Reputation: 172
I have the following code in my ARM assembly program
.data
.balign 4
prompt1: .asciz "Enter a string: "
.balign 4
scan1: .asciz "%s"
.balign 4
string_read: .word 0
.text
.global main
main:
push {fp, lr}
ldr r0, addr_prompt1
bl printf
ldr r0, addr_scan1
ldr r1, addr_string_arg
bl scanf
ldr r2, addr_string_arg
ldr r2, [r2]
addr_prompt1 : .word prompt1
addr_scan1 : .word scan1
addr_string_arg : .word string_read
I am using GDB PEDA to debug. Let us say that I input "test_cases" as my string. I can see that when I perform
ldr r2, addr_string_arg
it is holding an address that is pointing to the full string "test_cases". However, after I dereference
ldr r2, [r2]
r2 now holds the value (b'test'). When I try passing this to a function, it becomes "test/002". This happens with any string that is more than 4 characters long.
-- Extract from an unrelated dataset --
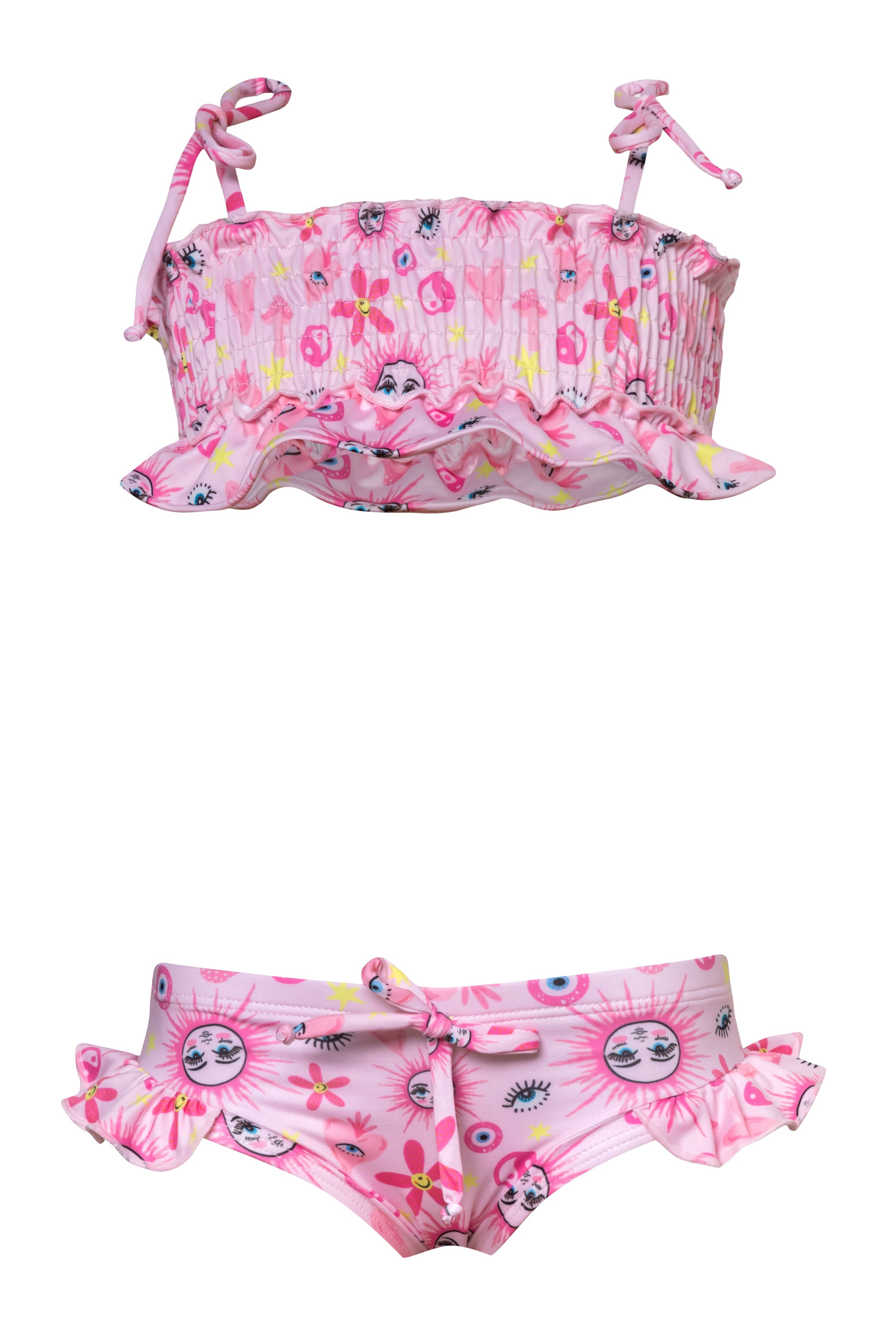 Mini Kini - Happy Hippie Pink Bikini Set (FINAL SALE)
I tried changing the values next to .balign as well as .word and neither of those helped.
Upvotes: 2
Views: 1864
Reputation: 2599
All of the comments under your question are relevant, but nobody's posted an actual answer yet, so here goes!
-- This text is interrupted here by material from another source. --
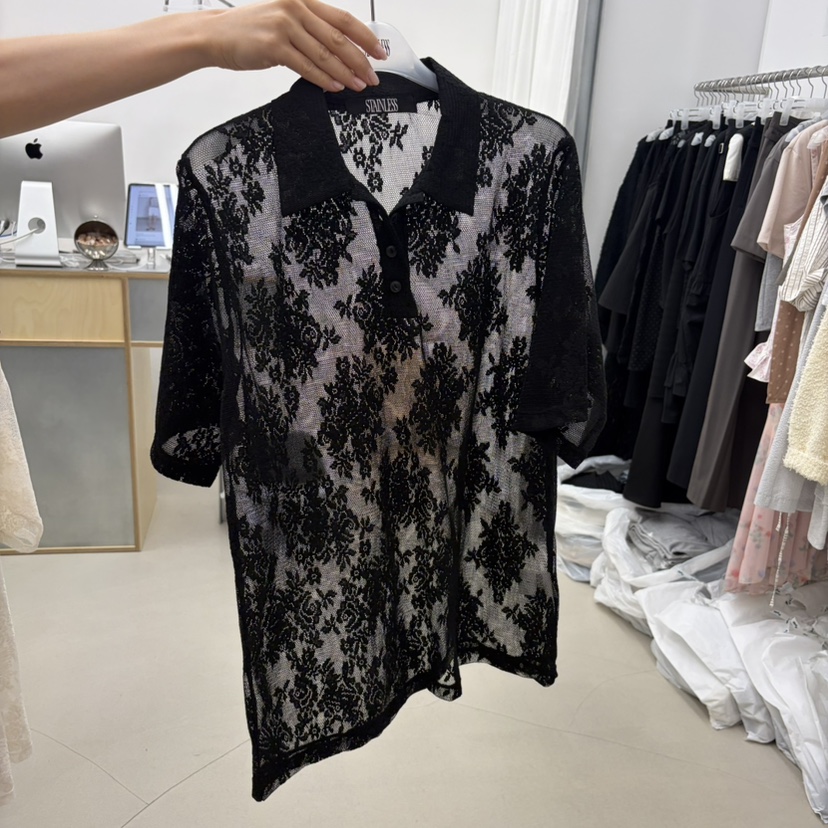 STAINLESS韓國直郵實拍女裝新品休閑人氣26春夏推薦26夏季T恤STAINLESST恤圖色2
Strings are, by their nature, variable in length. For this reason they are almost invariably stored in memory, and passed around using a pointer to the first character. Also by convention (at least in the C world, and you're interacting with C libraries in your code) the length of the string is not stored anywhere, the end of the string being instead marked by a zero byte.
You're actually using strings in the correct conventional way in several places in your code - when you obtain the address of addr_prompt
to pass as the first argument to printf
, for example. When you use the instruction
ldr r2, addr_string_arg
you are loading the address of the first character of the string argument into r2
, and it would be standard practice to use that address to represent the string. When you subsequently write
ldr r2, [r2]
you are effectively dereferencing the pointer and loading four bytes (32 bits) starting from that address into r2
. r2
doesn't contain the string, just the first four bytes of it; and indeed those bytes may not even be in the same order as they were in memory, depending on the endianness of your system.
Note also that you must allocate enough storage space to hold the longest string you could ever expect, and at the moment you are not doing so (string_read
is only 4 bytes, which with the termination character allows for a three-character string). Allowing the string to overflow its buffer leads to undefined behaviour.
As an aside, when you're loading arbitrary constants (including addresses) into registers the 'LDR
pseudo-instruction' is what you want - and this uses an equals sign before the second argument. This could assemble into more than one instruction, depending on the constant to be loaded; for nearby addresses it's often implemented as a PC-relative ADD
, but you don't need to care about that when you use it. For example,
ldr r2, =string_read
removes the need for your addr_string_arg
.
Upvotes: 5